--- DATA LISTING Enclosed Below ---

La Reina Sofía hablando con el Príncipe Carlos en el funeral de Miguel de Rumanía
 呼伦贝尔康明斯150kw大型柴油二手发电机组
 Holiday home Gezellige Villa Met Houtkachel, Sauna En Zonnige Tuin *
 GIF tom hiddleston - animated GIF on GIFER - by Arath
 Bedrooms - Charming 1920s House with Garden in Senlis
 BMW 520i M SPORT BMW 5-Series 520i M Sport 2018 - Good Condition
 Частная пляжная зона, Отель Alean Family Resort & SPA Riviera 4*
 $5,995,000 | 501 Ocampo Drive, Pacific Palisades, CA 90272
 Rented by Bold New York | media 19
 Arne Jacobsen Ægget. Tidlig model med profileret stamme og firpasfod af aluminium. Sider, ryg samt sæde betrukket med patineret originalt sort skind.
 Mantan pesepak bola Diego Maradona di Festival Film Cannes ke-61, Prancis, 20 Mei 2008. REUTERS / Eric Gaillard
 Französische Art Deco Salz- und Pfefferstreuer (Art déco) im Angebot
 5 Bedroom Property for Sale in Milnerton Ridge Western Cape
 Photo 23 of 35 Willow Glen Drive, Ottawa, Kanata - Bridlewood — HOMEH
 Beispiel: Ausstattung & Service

--- End of Enclosed DATA LISTING ---

▶ [WORK TO COMPLETE]: Go through the records line by line, and copy each line that holds the string "Drive".

▶ [EXPECTED ANSWER]:
 $5,995,000 | 501 Ocampo Drive, Pacific Palisades, CA 90272
 Photo 23 of 35 Willow Glen Drive, Ottawa, Kanata - Bridlewood — HOMEH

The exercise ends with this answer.